Title: Entropy
Pairing: Reed Richards/(Wini)Fred Burkle
Notes: Fantastic Four/Angel crossover
Rating: R for some brief sexual content
Summary: When two scientists meet.
They meet in the science section of some large, overpriced bookstore in Los Angeles, posters for the next Harry Potter book plastered all over the walls. It's quiet in that end of the store. Quieter than the rest of it because not everyone comes to Barnes and Noble for books on quantum physics. They're all there for self help books and Golf For Dummies and trashy romance novels. Quantum theory isn't nearly as entertaining to the rest of the world as it is to Reed. Or Fred.
At first he's just wandering around. Poking through lesser scientists' books on theories he's long disproved. But then his mind is back on money again, how he's in town to beg JPL for a grant, how the steady supply of what Ben calls his genius-stash has been slowly depleting with every mistake he's made. And there's been a lot of them lately. Maybe his books would pick up again, he thinks, and he knows it's silly when he starts looking up his name to see just how many of them are left on the shelf. There's a few of his biggest titles, and one or two of his most obscure. But his pride and joy isn't to be found, because when Reed looks up from his crouched position there's the last copy in the hands of a pretty young woman in glasses. She smiles when she notices him looking at her, and her speech gets flustered and rapid when she realizes that its his picture on the laminated cover of the hardback.
"I...I...Doctor Richards, i-it's an honor, sir. I just..."
"No, no. It's a pleasure to know that someone's interested in my book."
"I've been a-a huge follower of all your work. I'm planning to write my masters thesis springboarding from some of your theories."
"Really? I'd love to hear about it."
It takes Reed four days to sum up the courage to finally call her. His palms are sweating and he's stammering into the phone while Fred suppresses a nervous giggle on the other line. He hasn't done this in so long. He figures it shows. But his suit is pressed and his hair combed when they meet up for dinner in the candlelit Italian restaurant just off of Sunset Boulevard.
Reed's sweet and charming, but altogether more naive than sensitive. Fred likes the way the skin around his eyes crinkles so delightfully when he smiles. And Reed thinks the way she snorts when she laughs is cute. They talk more about Quantum physics and math and the cosmos than they do about themselves. It's like the almighty atom has more significance to their time together than where Fred grew up or what Reed's favorite movie is. For once, Fred barely touches her pasta, and they both drink far too much wine.
Eventually they stumble into Fred's apartment, kissing messily, lightheaded and happy from the cheap merlot. Sloppily, Reed pulls Fred's blouse over her head. She hums and starts to toy with the buckle of his belt.

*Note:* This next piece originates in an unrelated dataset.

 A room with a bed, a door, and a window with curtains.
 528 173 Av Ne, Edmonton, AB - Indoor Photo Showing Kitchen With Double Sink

They fall together on her squeaky bed, a tangle of fuzzy movements and tongue-filled kisses, as he slips the condom over his prick and slides into her. He starts thinking in mathematical equations. How part A plus part B makes noise X, and how the clouds of electrons surrounding their atoms must at some point occupy the same area, making them for a blip in time one whole molecule. But Reed also knows that it's only mathematical theory, with loopholes and teeth and slippery sweat, and that it's application in real life is about as useless as his last experiment with gene amplification. He watches Fred come in a series of geometric shapes. The circle of her mouth, the arch of her spine, the parallel nail-lines down his back. He's still thinking in graphs and proofs when he comes with surprise, an entire equation he apparently left out of the prompt.
There's an awkward silence when they wake. Reed knows that they're both thinking how simple body chemistry (fermented alcohol plus human equals entropy) has gotten the best of them, and now they doubt themselves as scientists, at least until Fred's been kind enough to make them coffee. Quietly Reed gathers his things and leaves, the door swinging behind him.
He calls once, when he's back in New York. There's a rejection letter from JPL in his hands, but he doesn't trouble Fred with that. They chit chat for a minute about her classes, her professors, how the mathematics of him plus her just don't equal out to something viable in the world. She agrees quietly and is the first to hang up, leaving him the vacuum of empty sound waves.
For once, Reed understood that one plus one didn't always make two.